**TASK GOAL**
Each entry below is to be written out exactly, and the pictures are to be left out.

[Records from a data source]
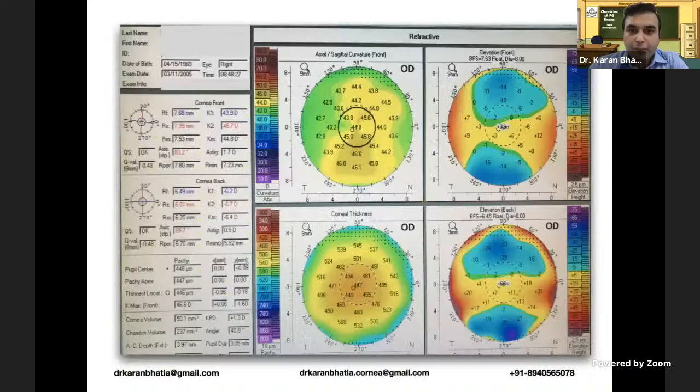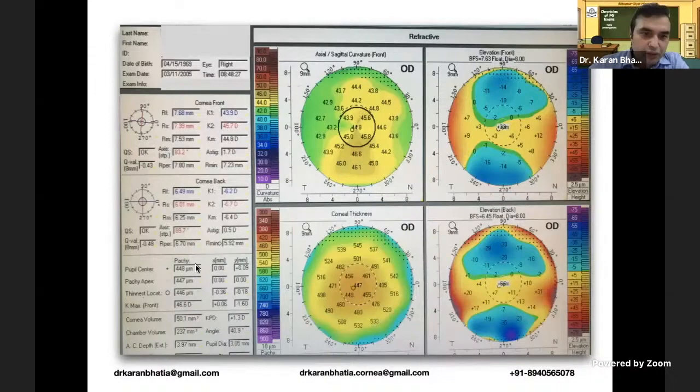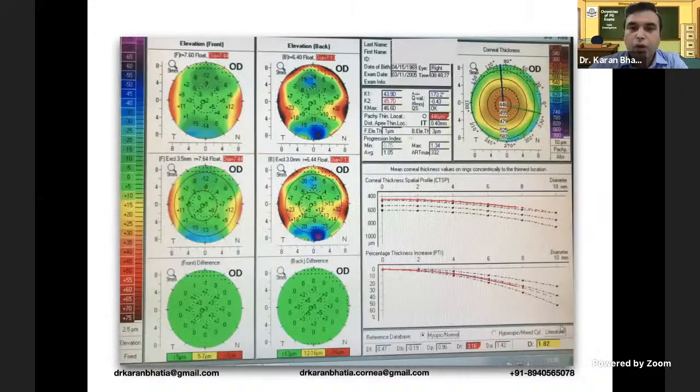In this next case, there is an irregular shape on the curvature map. There is no significant anterior or posterior elevation, there is thinning, but all other values are fine. The Belin-Ambrosio enhanced ectasia display is also fine. So apart from the thin cornea, nothing is abnormal — this would be a case of thin corneas.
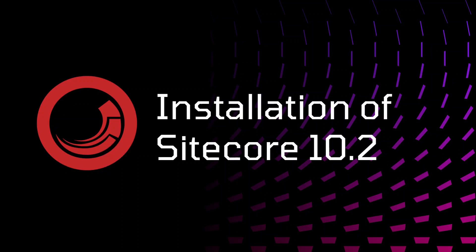Hello everyone, welcome back to my YouTube channel. In this video we are going to see installation of Sitecore 10.2. Let's begin.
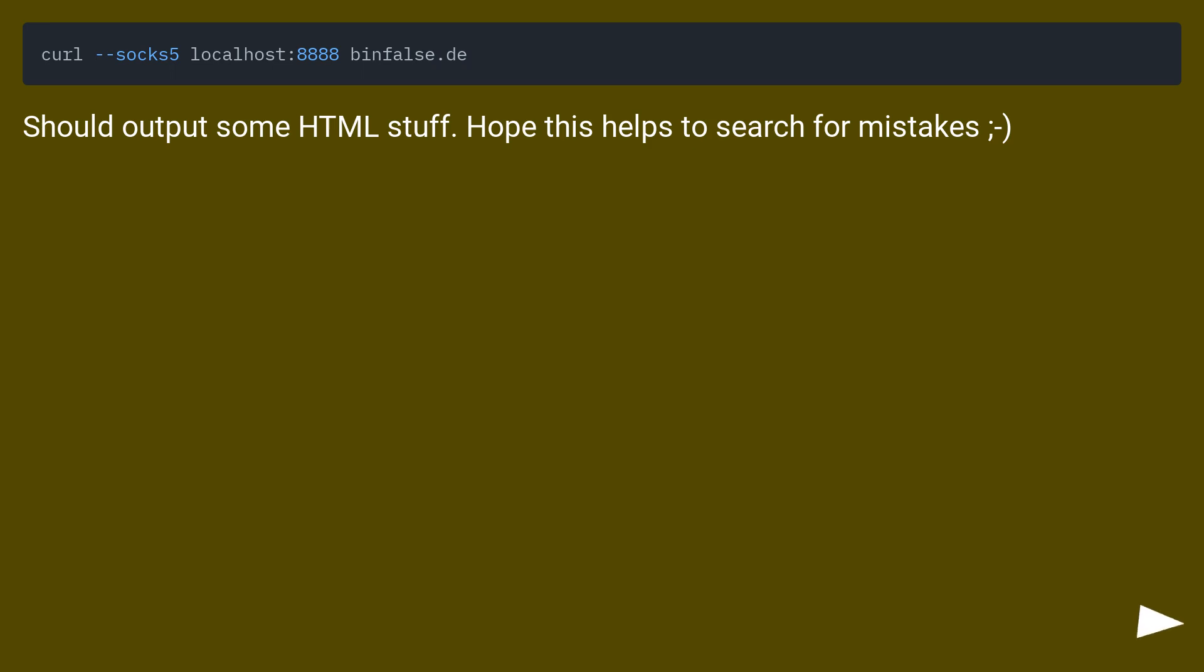Should output some HTML stuff. Hope this helps to search for mistakes.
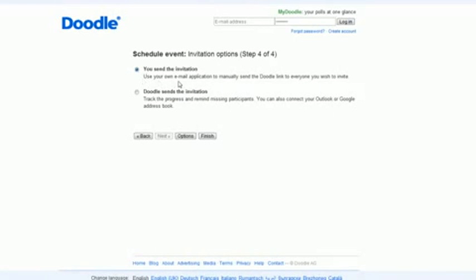Now either it'll set up that you send the invitation or that Doodle sends the invitation. So you can even control and not have to put in emails at all. So I can finish right there.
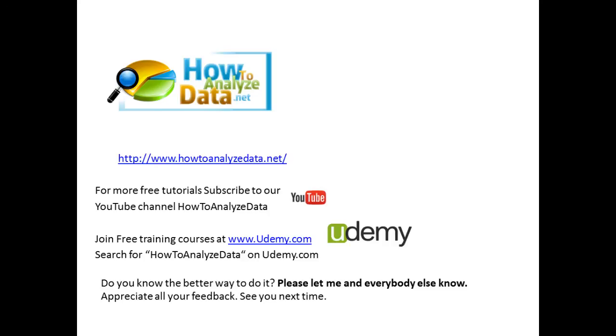I always appreciate your feedback. This is the goal of this video: to share the information with you so you can learn something and I can learn something new. Please don't hesitate to send me a note and let me know about the better way of doing things. Thank you very much and I'll see you next time.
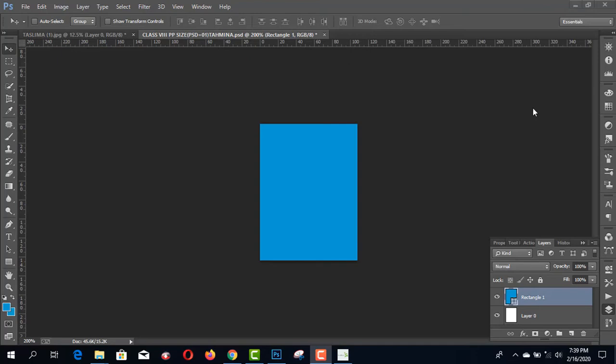Hey, what's up guys! Today I'm going to share how to create a passport size image/photo by using Photoshop CC. You can create this passport size image by using various types of Photoshop CS, CSC, or other versions. Now I'm going to start this video and I really request you to watch this video step by step.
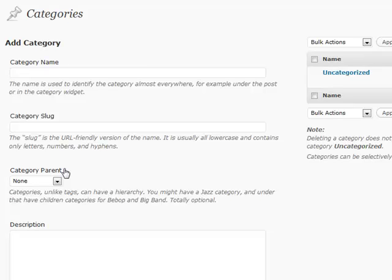So let's say, using the example of Apple again, we can have an Apple category, but then you can have subcategories of each of its products such as the iPhone, the iPad, the Mac Mini, the Mac Pro, and so on and so forth.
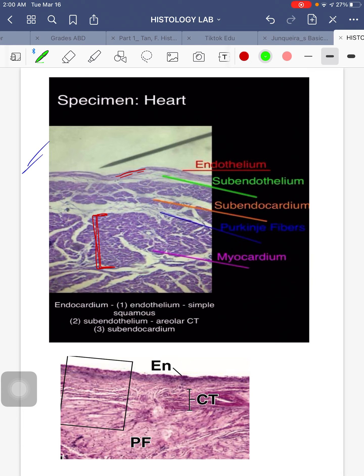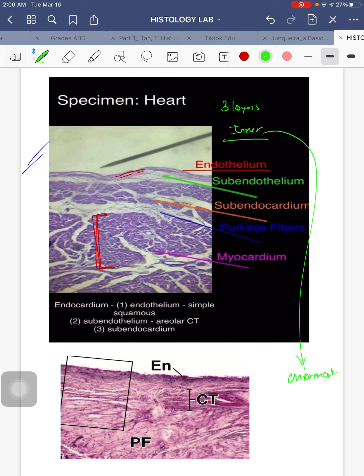The first specimen is your heart. It's important to know that the heart logically has 3 layers, and we will go from innermost to outermost. So the innermost layer is your endocardium — the innermost.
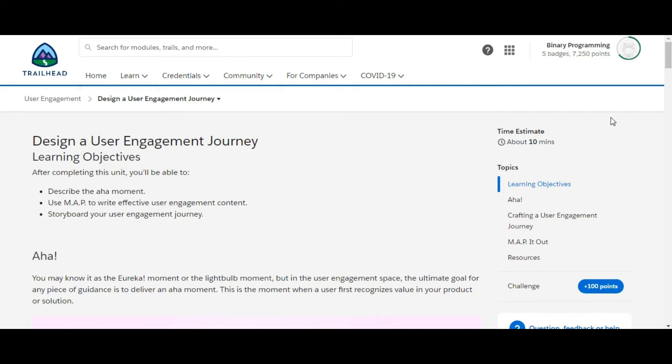Hello all, welcome to Binary Programming. In this video, we will solve the fourth and last challenge of the User Engagement module. The name of the challenge is Design a User Engagement Journey.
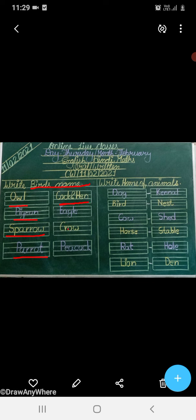EAGLE. C-R-O-W, CROW. PEA-COCK, PEACOCK.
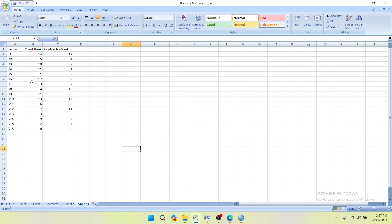For finding the correlation between respondents, you first have to arrange the ranks in a specific order. In the first column write the rank of one respondent, and in another column write the rank of the other respondent for the same factor — that is challenges or opportunities. In my case the factor is challenges.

**RESULT FOR THIS EXERCISE**
In this next case, there is an irregular shape on the curvature map. There is no significant anterior or posterior elevation, there is thinning, but all other values are fine. The Belin-Ambrosio enhanced ectasia display is also fine. So apart from the thin cornea, nothing is abnormal — this would be a case of thin corneas.
Hello everyone, welcome back to my YouTube channel. In this video we are going to see installation of Sitecore 10.2. Let's begin.
Should output some HTML stuff. Hope this helps to search for mistakes.
Now either it'll set up that you send the invitation or that Doodle sends the invitation. So you can even control and not have to put in emails at all. So I can finish right there.
I always appreciate your feedback. This is the goal of this video: to share the information with you so you can learn something and I can learn something new. Please don't hesitate to send me a note and let me know about the better way of doing things. Thank you very much and I'll see you next time.
Hey, what's up guys! Today I'm going to share how to create a passport size image/photo by using Photoshop CC. You can create this passport size image by using various types of Photoshop CS, CSC, or other versions. Now I'm going to start this video and I really request you to watch this video step by step.
So let's say, using the example of Apple again, we can have an Apple category, but then you can have subcategories of each of its products such as the iPhone, the iPad, the Mac Mini, the Mac Pro, and so on and so forth.
The first specimen is your heart. It's important to know that the heart logically has 3 layers, and we will go from innermost to outermost. So the innermost layer is your endocardium — the innermost.
Hello all, welcome to Binary Programming. In this video, we will solve the fourth and last challenge of the User Engagement module. The name of the challenge is Design a User Engagement Journey.
EAGLE. C-R-O-W, CROW. PEA-COCK, PEACOCK.
For finding the correlation between respondents, you first have to arrange the ranks in a specific order. In the first column write the rank of one respondent, and in another column write the rank of the other respondent for the same factor — that is challenges or opportunities. In my case the factor is challenges.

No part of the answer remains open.